Lev Eksler was born in 1922 in Verkhnedneprovsk, in Eastern Ukraine. In 1930, he moved to Leningrad (now St. Petersburg, Russia). With the beginning of the Soviet-German war in June 1941, Eksler volunteered to join the Red Army despite the fact that he had an exemption from military service (due to an illness of the spine). In July 1941, Eksler was assigned to the 3rd Rifle Division of the Leningrad civilian militia, which was to fight in the North. According to his estimate, Jews constituted 10% of the division. Eksler became a communications man of an artillery battalion. At the end of August 1941, Eksler was shell shocked and sent to a military hospital.
After his release, Eksler was transferred to take part in the defense of Leningrad. His military rank was raised – to that of sergeant -- and he was made commander of a communications unit of an artillery battalion. The fall of 1941 was a time of retreat for the Red Army. Men in Eksler's division began to desert.

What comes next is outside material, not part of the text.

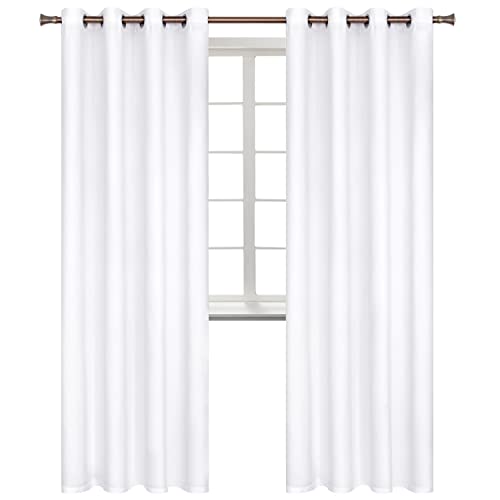 BGment 84 Inch Room Darkening Curtains - Thermal Insulated Drapes for Bedroom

"Soldiers said openly: 'What are the Germans to us, we have already worked to the point of exhaustion [under the Soviets], [under the Germans] we will work the same way, the hell will be the same." I remember one deserter […] saying: 'Let the Jews fight, there are a lot of them here [in the division]'" – Eksler recalled in 1990. However, despite great losses of personnel, Eksler's division continued to fight. In November Eksler suffered three wounds simultaneously. He spent the winter in a military hospital in Novosibirsk, in Siberia and was then released from army service.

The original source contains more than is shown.